Ces douze derniers jours, elle n’a eu aucun contact avec sa famille et son entourage. Les proches de Mme Mohammadi sont très préoccupés par la santé de cette militante syndicale car elle souffre de migraine sévère.
Mme Parvin Mohammadi, vice-présidente du Syndicat libre des travailleurs d’Iran, a été arrêtée le 28 janvier 2019 à Fardis, dans la grande ville de Karadj, en banlieue de la capitale iranienne. Par la suite, Mme Mohammadi a été incarcérée à la prison de Katchoui de Karadj le jeudi 1er février 2019 et à la prison d’Evine le 4 février.
Elle a été arrêtée quelques heures après l’arrestation de Jafar Azimzadeh, de la direction du syndicat libre des travailleurs d’Iran.
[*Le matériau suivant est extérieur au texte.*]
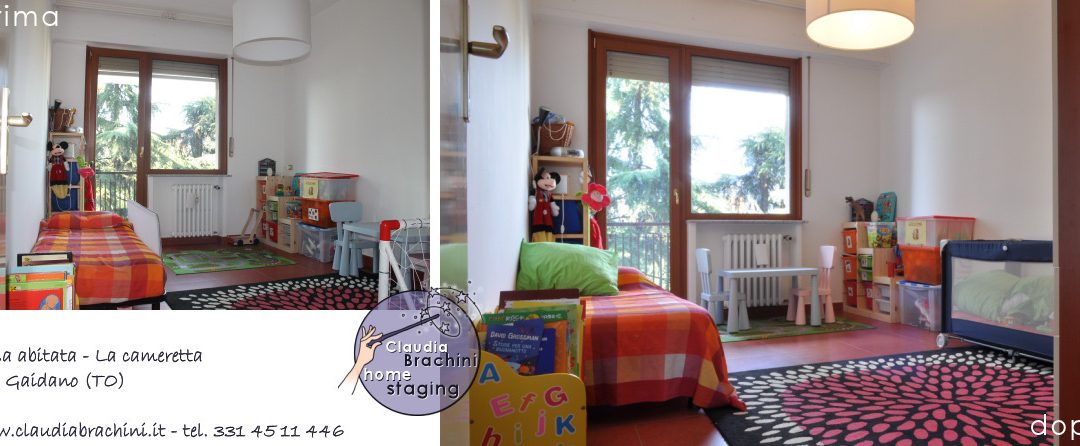 prima e dopo cameretta casa abitata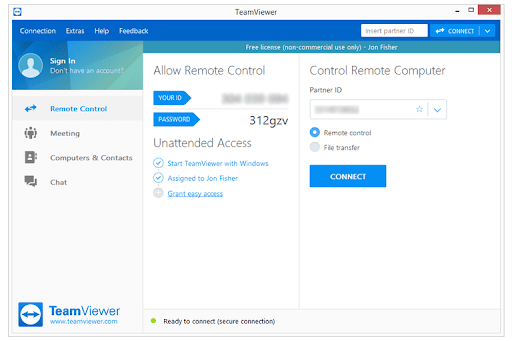 screenshot of remote control options in teamviewer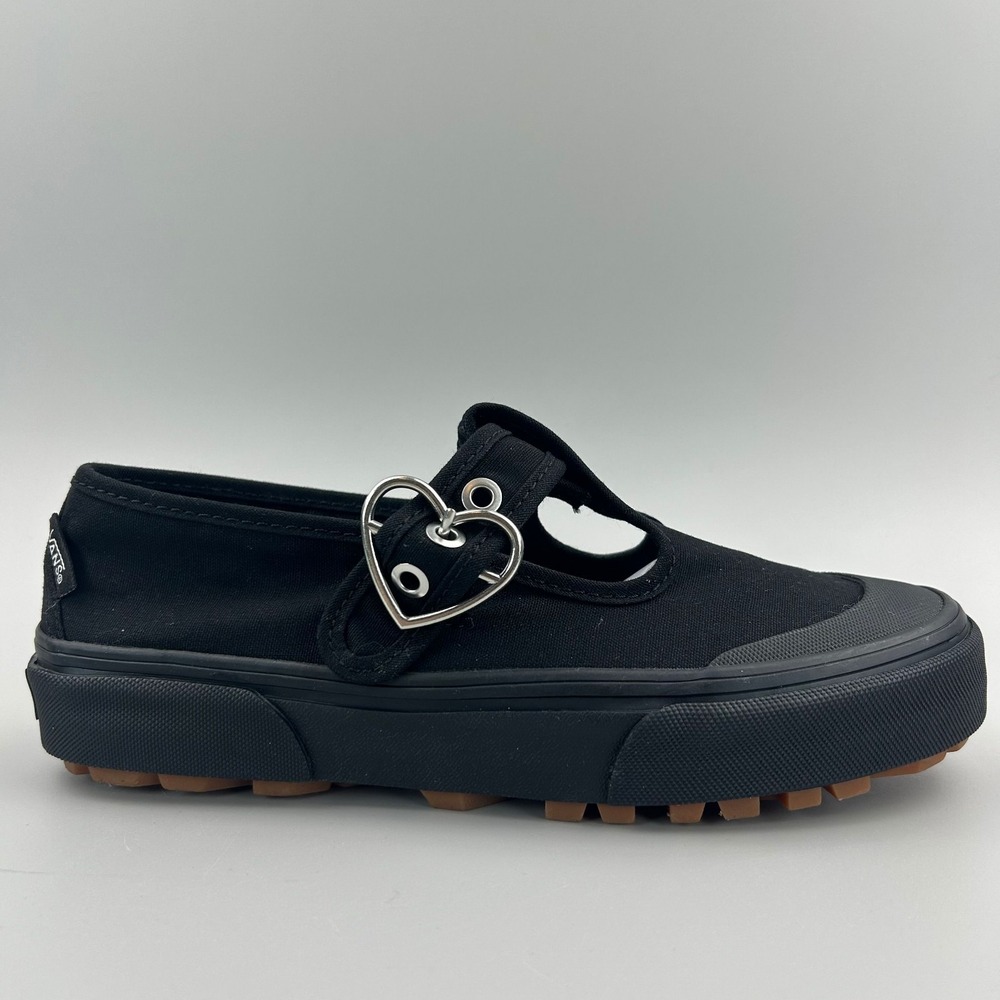 Vans Style 93 Mary Jane Women Size 6.5 Black Canvas Heart Buckle Shoes NEW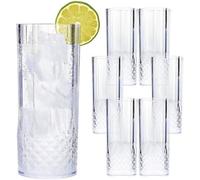 6Pcs Crystal Effect Party Glasses - Highball Whiskey Wine Champagne Flute - No More Broken Glasses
Le bureau du procureur de Fardis à Karaj a refusé la caution de 300 millions de tomans qui a été préparée à 8 heures (heure locale), le 31 janvier 2019, pour la militante syndicale Parvin Mohammadi. Après que son dossier ait été transmis aux différentes branches du tribunal, elle a finalement été placée en détention pendant un mois.
Mme Parvin Mohammadi est une militante syndicale qui s’est toujours exprimée en faveur des travailleurs iraniens et de leurs représentants. Le mardi 11 décembre 2019, devant le Parlement pour soutenir les métallurgistes d’Ahwaz et les ouvriers du sucre de Haft Tappeh, elle avait prononcé un discours très fort. Elle avait également publié une lettre ouverte le 20 décembre 2018, critiquant le régime clérical pour avoir ordonné des raids nocturnes aux domiciles des métallurgistes d’Ahwaz et les avoir arrêtés.
Par ailleurs, une femme bahaïe nommée Atessa Ahmadaï-Rafsanjani (Khorrami) a été arrêtée par les forces de sécurité à Téhéran le 20 janvier 2019 et incarcérée à la prison d’Evine.
Les autorités de la prison d’Evine ont informées les proches de Mme Ahmadaï qu’elle était détenue à la prison d’Evine en cellule d’isolement au centre 241. Jusqu’à présent, elle n’a eu aucun contact avec sa famille. Mme Ahmadaï ne va pas bien physiquement et suivait un traitement médical avant son arrestation. Sa famille est très inquiète.